8. transfection Setup

  1. Voor het transfect van de ssodn en de crispr CAS9 plasmiden, plaat de doelcel lijn in een 6-well gerecht op bestraalde mefs om 70-80% confluentie te bereiken na een incubatie van O/N.
  2. De transfectie reactie instellen zoals beschreven in tabel 6. Meng de reactie door pipetteren en incuberen gedurende 15 minuten bij RT. Voeg het transfectie-reactiemengsel druppelsgewijs toe aan de cellen.
  3. Na 48 h, bereidt u de cellen voor op celsortering zoals beschreven in paragraaf 5,3.
  4. Kies kolonies ~ 10 dagen na het bekleden van enkele cellen met een pipet van 200 μL. Breng 100 μL cellen over naar een put van een 24-of 48-goed plaat die eerder is bekleed met gelatine en bestraalde Mef's in hESC-medium met Y-27632 dihydrochloride. Gebruik de resterende 100 μL voor DNA-isolatie zoals beschreven in rubriek 6.

9. controle op mutaties in enkele kolonies

  1. Om te controleren op een geslaagde integratie van de ssODN, neemt u 5 μL DNA geïsoleerd van elke kolonie om PCR uit te voeren met behulp van de screenings primers die zijn ontworpen in sectie 2. Reinig de PCR-producten (tabel met materialen) en bereid de vergisting van het restrictie enzym voor met behulp van de unieke enzym site die in de ssodn is gemaakt.
    Opmerking: deze spijsvertering omvat ook de restrictie-enzym buffer en de aanbevolen concentratie van het beperkings enzym van de fabrikant in een volume van 40 μL.
  2. Meng de reactie door pipetteren en inbroed op de aanbevolen temperatuur van de fabrikant voor 1-3 h.
  3. Visualiseer de verteerde PCR-producten op een 1,5% (w/v) EtBr agarose gel elektroforesed bij 80-100 V voor 40 min. Als er een succesvolle integratie van de ssODN heeft plaatsgevonden, volg dan specifieke mutaties met behulp van een geneste primer.

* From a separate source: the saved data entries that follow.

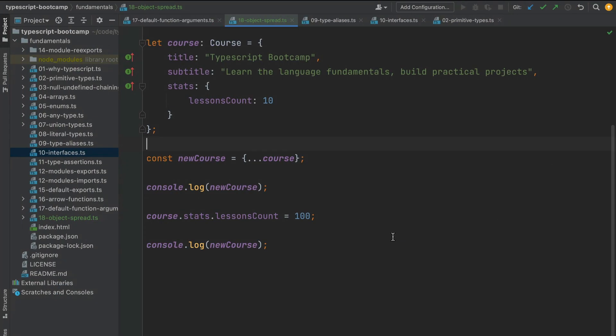Let's now continue to explore the TypeScript language. We're going to be covering a closely related feature called object destructuring.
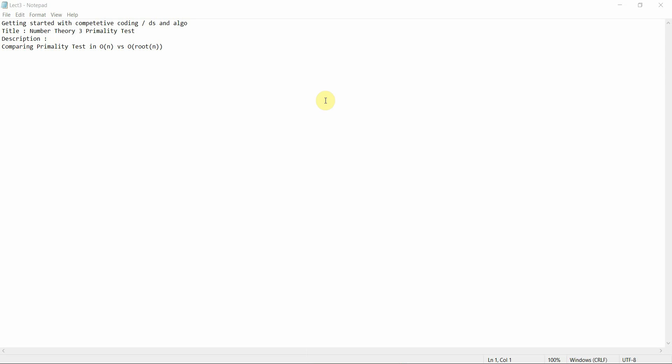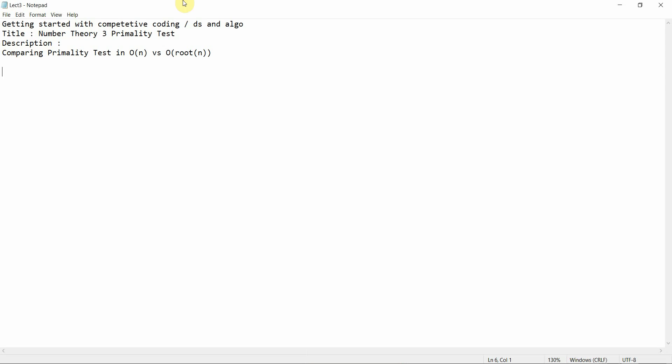Hello everyone, welcome to Programming Knowledge. This is the third tutorial of our competitive coding series. Today we are going to cover number theory part three, that is primality testing. We are going to compare the primality test in O(n) complexity versus O(√n) complexity.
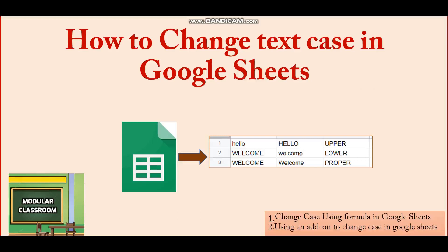Welcome to Modular Classroom. Today we are going to see how you can change the text case in Google Sheets.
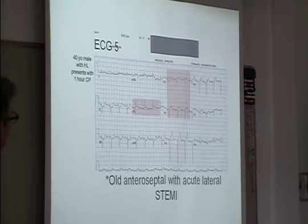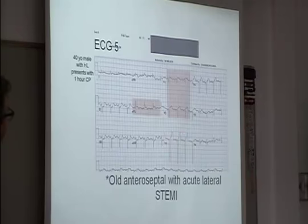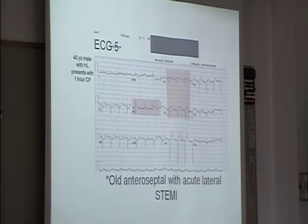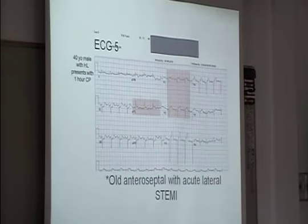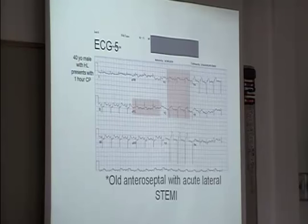So he's lost R waves here, and if this guy's a one-hour chest pain, he should not have lost his R waves across the precordial leads within an hour of his infarct. So that was a clue that he had an old septal, anteroseptal infarct, and now has these new acute changes.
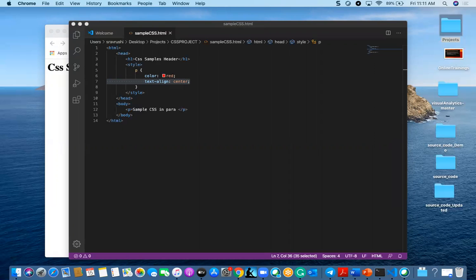The first selector we looked at was the general element selector. Now we have the ID selector. The ID selector uses the id attribute of an HTML element to select a specific element. The id of an element is unique within the page — you cannot define two id attributes with the same name. The ID selector is used to select one unique element at a time.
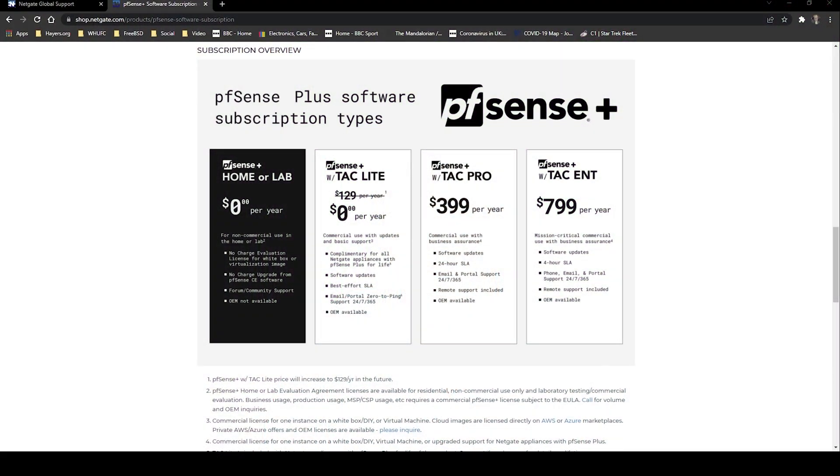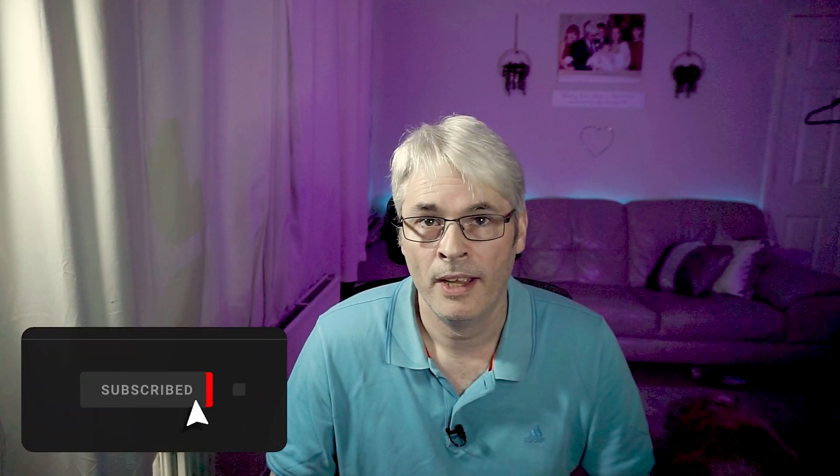So if you've got your own pfSense install and you're running on 2.5.2, get yourself upgraded to 2.6 and go along to Netgate's site. Register for your support of your choice — there are four levels. You have the ability to register totally free for home and lab setups, which is probably what most people will go for. It gives you great access to their forums, which are community driven.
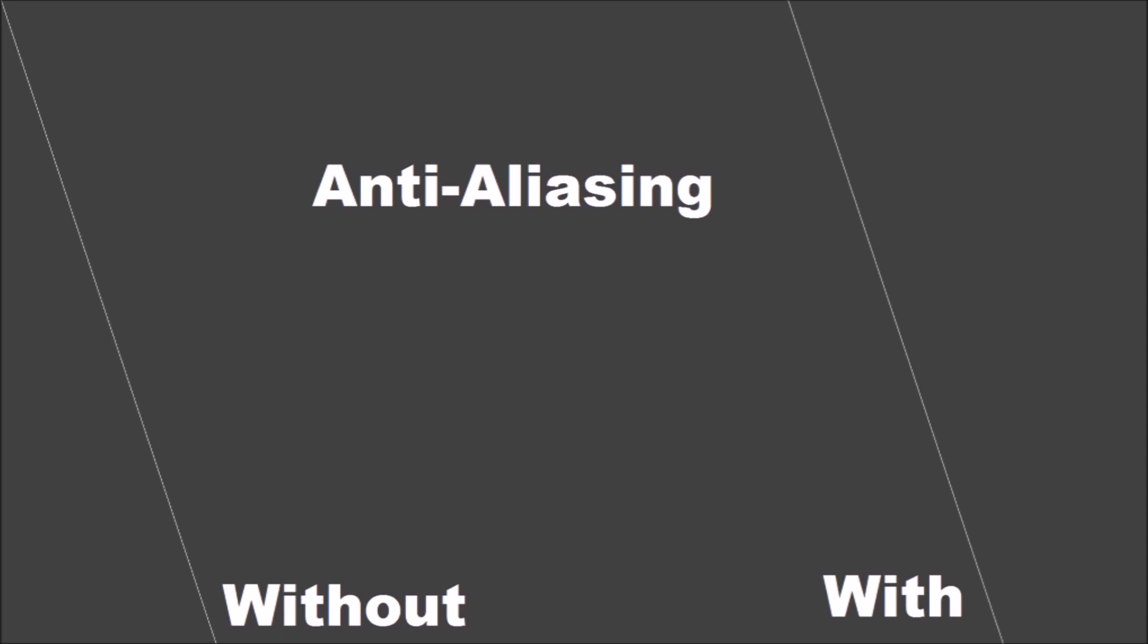While this explains why text can appear blurry in close-up, since the smoothing effect from blending pixels doesn't work as well up close, it still doesn't explain the color.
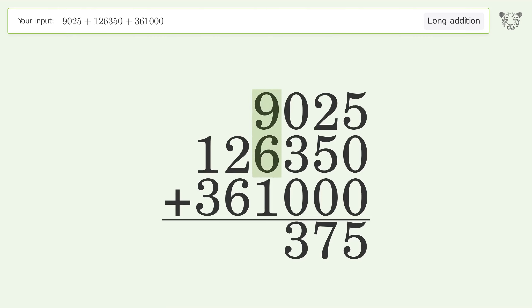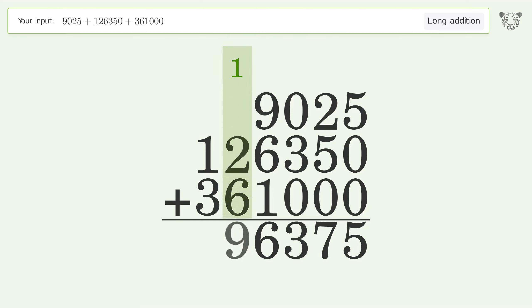9 plus 6 plus 1 equals 16, carry 1 to the ten thousands place. 1 plus 2 plus 6 equals 9. 1 plus 3 equals 4, and so the final result is 496,375.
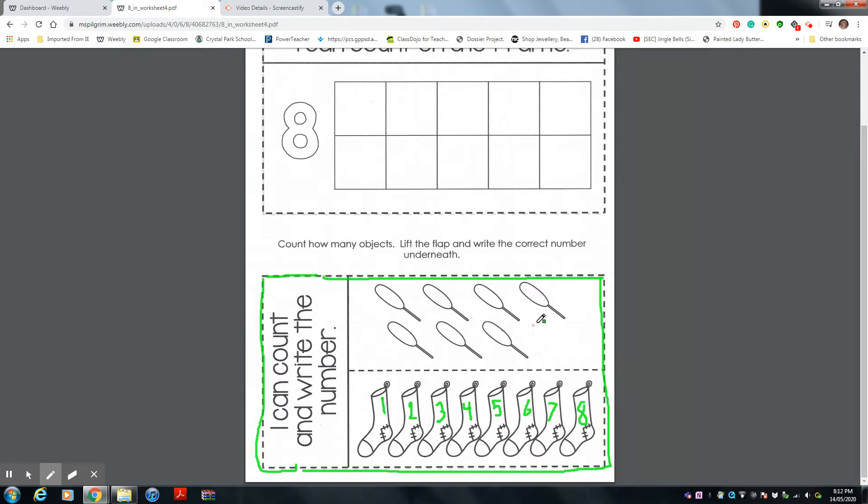Then you're going to count the paddles and do the same. Good luck with it. I hope you're having fun listening to Ms. Pilgrim help you with your work.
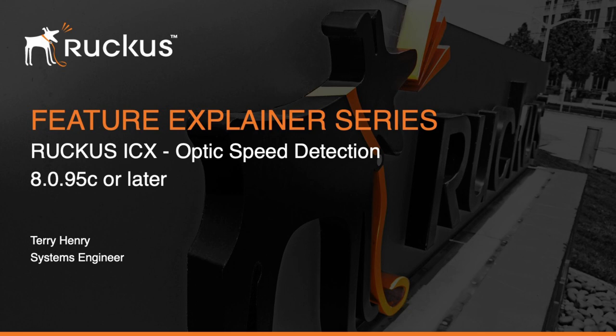Hi, welcome to the Ruckus Feature Explainer Series. I'm Terry Henry. Today we're going to talk about a minor but important feature that happened in 8.0.95c on the Ruckus ICX, and that is optic speed detection.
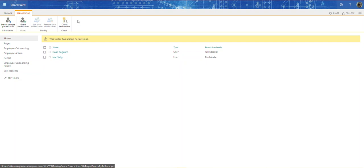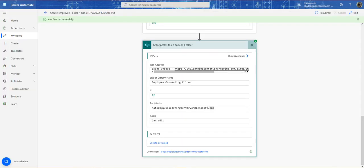What I've just shown you is how to create a folder and assign it to a specific user — in our case, the new employee in our employee onboarding system. I hope that made sense. If you have any questions, please leave your comments below. Also please like the video and subscribe so we can get this out to more folks. Thanks, bye.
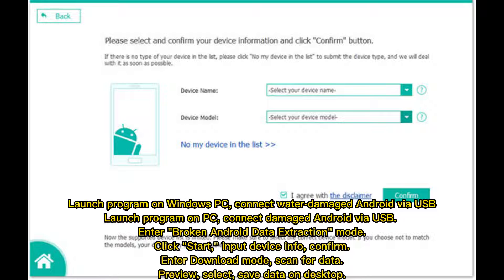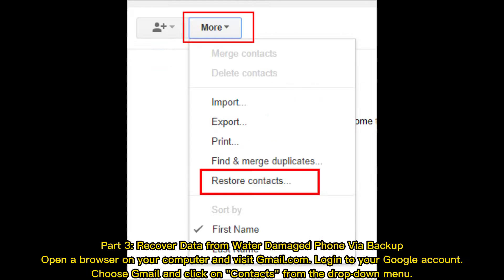Input your device info and confirm. Enter Download Mode, then scan for data. Preview the recovered files, select what you need, and save the data to your desktop.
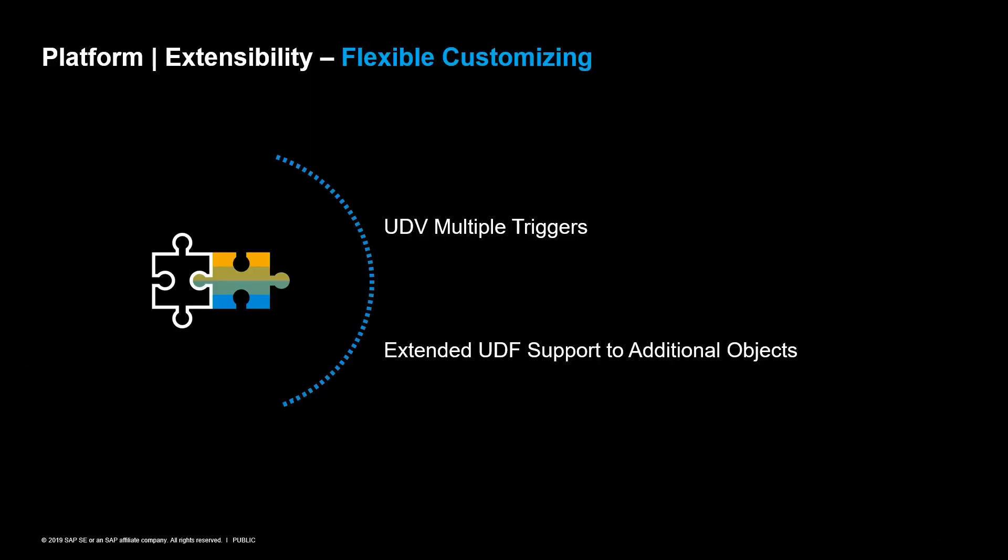We would like to introduce a couple of customization enhancements like the multiple triggers for the user-defined values and the extended object list for the user-defined fields.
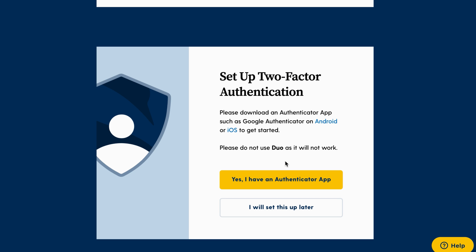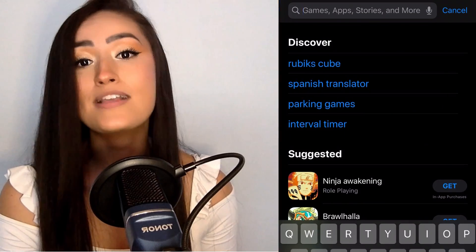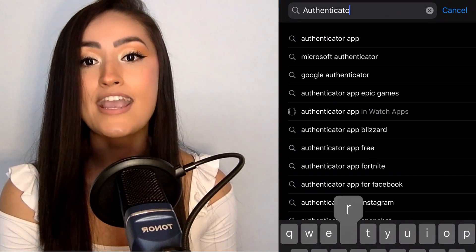Third, if you already have an Authenticator app, click I have an Authenticator app. If you do not have one yet, please pause the video right now and take the time to download an Authenticator app from the App Store. We recommend Google Authenticator, and that's what I'll be working with.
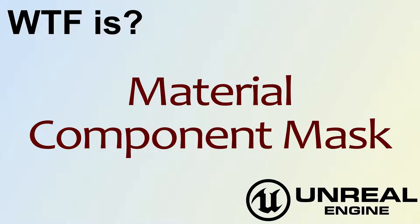Hello. Welcome to the video for What is Material? The Component Mask.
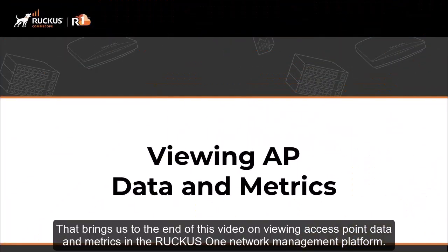And that brings us to the end of this video on viewing access point data and metrics in the Ruckus1 network management platform.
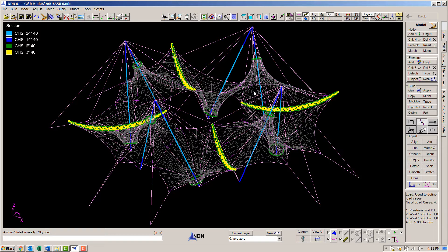I should point out that these are our assumed section properties. We have not analyzed the model yet, so we just have assumed sizes for both the steel and the cables.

Subscription Required. Please recommend JoVE to your librarian.

Representative Results

Generatie gRNAs en screening voor indels

Elke gRNA wordt gekloond in een plasmide vector en uitgedrukt met de promotor U6. Het AFLII restrictie-enzym wordt gebruikt voor het linealiseren van het plasmide (addgene #41824) en bevindt zich na de promotor U6. De 100 BP-band gegenereerd na het gloeien van de 2 60 BP oligos wordt gekloond in de gRNA expressie vector met behulp van de DNA-verzameling. Zodra de gRNA plasmiden worden gegenereerd, worden ze omgezet in hESCs of iPSCs samen met een CRISPS CAS9 GFP plasmide (addgene #44719). De GFP +-cellen worden na 2 dagen gesorteerd om te verrijken voor getransfunde cellen en verguld (zie rubriek 5). Na 10-14 dagen worden eencellige kolonies geplukt en gebruikt om DNA te isoleren op het scherm voor Indel-vorming die voor elke gRNA wordt gegenereerd. Een PCR-versterking met primers die de gRNA-site beslaan, wordt gebruikt om Indel-vorming te visualiseren met behulp van een 2,5% (w/v) agarose-gel met EtBr, elektroforesed bij 70-90 V voor 1 uur.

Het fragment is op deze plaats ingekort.